## TASK INSTRUCTIONS
Give the data below again exactly as it stands. Omit the pictures.

## INFORMATION SUPPLIED
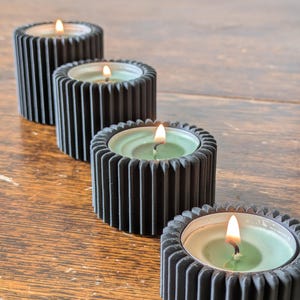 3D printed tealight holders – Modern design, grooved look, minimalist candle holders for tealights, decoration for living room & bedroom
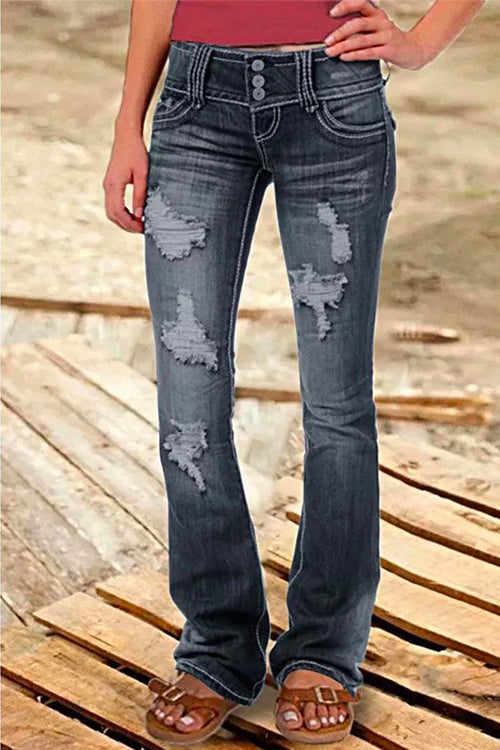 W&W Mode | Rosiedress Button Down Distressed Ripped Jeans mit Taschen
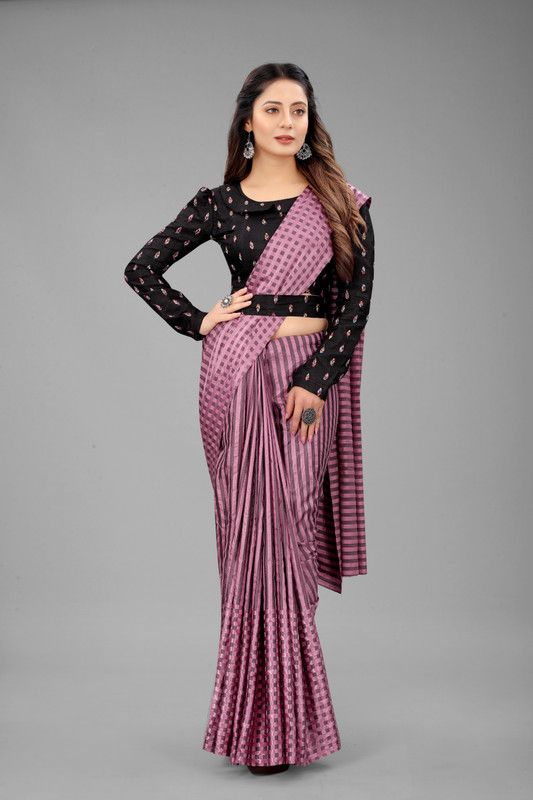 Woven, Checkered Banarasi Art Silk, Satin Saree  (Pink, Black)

## WRITTEN RESPONSE
 3D printed tealight holders – Modern design, grooved look, minimalist candle holders for tealights, decoration for living room & bedroom
 W&W Mode | Rosiedress Button Down Distressed Ripped Jeans mit Taschen
 Woven, Checkered Banarasi Art Silk, Satin Saree  (Pink, Black)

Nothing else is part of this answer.